Monday, December 19, 2011
Alzheimer's threw somthing at me last night....
Well, I say Alzheimer's, because I refuse to say that my grandma, threw something, and hit me last night. My mind knows it was the disease, in fact I had read that it can happen, but it catches you off guard when it first happens, because your looking at this familiar person, the person you love, yet you know it is not them. My grandma was refusing her medication, this was a first as well, she was scowling at me, and saying "Why should I listen to you, you are not my Dr!' I tried everything. I had my mom call her, and try to reason with her........ you can not reason with a disease. Then I called the nurse on call, and she said to deliver them at the other end, which is near impossible when she wont let you give her a hug, much less go that route! So at last, I had come up with an idea. If it was a Dr. she wanted, it was a Dr. she would get. I called my sissy explained what I needed her to do, and soon Grandma's phone rang. I answered it in front of grandma, and said " Oh hi, Dr. Nelson, Opal?
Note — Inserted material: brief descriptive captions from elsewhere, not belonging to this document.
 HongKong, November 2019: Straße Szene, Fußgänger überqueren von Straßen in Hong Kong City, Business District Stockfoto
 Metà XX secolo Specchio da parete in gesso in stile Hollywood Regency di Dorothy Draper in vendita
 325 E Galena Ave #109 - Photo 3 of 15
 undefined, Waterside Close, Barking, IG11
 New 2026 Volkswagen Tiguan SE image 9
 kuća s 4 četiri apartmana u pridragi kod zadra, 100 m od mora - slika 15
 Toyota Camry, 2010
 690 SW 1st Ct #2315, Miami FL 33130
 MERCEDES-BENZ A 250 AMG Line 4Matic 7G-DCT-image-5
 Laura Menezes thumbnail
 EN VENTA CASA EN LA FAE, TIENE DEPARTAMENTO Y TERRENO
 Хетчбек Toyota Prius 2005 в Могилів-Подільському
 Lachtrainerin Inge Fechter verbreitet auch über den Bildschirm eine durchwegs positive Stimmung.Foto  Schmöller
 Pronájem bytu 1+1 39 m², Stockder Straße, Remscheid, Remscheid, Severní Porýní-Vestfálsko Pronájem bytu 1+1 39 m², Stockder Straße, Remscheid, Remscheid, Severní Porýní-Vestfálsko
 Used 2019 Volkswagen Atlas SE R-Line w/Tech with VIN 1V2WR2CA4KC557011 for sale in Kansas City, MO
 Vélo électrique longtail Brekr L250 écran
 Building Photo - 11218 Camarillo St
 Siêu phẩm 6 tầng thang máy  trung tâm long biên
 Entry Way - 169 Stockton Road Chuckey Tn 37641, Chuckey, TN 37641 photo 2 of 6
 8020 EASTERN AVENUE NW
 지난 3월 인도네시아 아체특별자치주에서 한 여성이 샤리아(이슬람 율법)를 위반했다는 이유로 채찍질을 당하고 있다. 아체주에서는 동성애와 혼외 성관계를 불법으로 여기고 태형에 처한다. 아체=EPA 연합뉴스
Oh yes she is here, just a minute." I handed the phone to grandma, where my sister pretended to be the Dr. explaining that she had sent her nurse (me) with her medication, and it was important she take it. After TWO full hours filled with things thrown, a hand raised, and my patience at its end, she got off the phone, and asked me kindly for her meds. She then proceeded to take them as if she had wanted to all along. You might wonder why are meds so important, just skip it if it becomes such a fight. Well when she has severe delusions if you don't give her certain meds she will stay awake all night talking to people who are not there, sleep the next day, and before you know it, nights turn into days, and days into nights. I am still reeling from it, my mind knows it was not her, yet my heart hurts so much. I hate the vacant look in her eyes, the distant behavior, and her ability to be so cold to me. It's a grief cycle of it's own. I just wanted a hug all day today, to be told it would be ok, to be reassured that it wasn't all for nothing. That she knows deep inside how much I love her, and what she means to me. What God is giving me the grace to do. So, if you can just say a prayer for her, and I, and this situation. For grace, patience, and a understandng that superseeds the reality that seems to be.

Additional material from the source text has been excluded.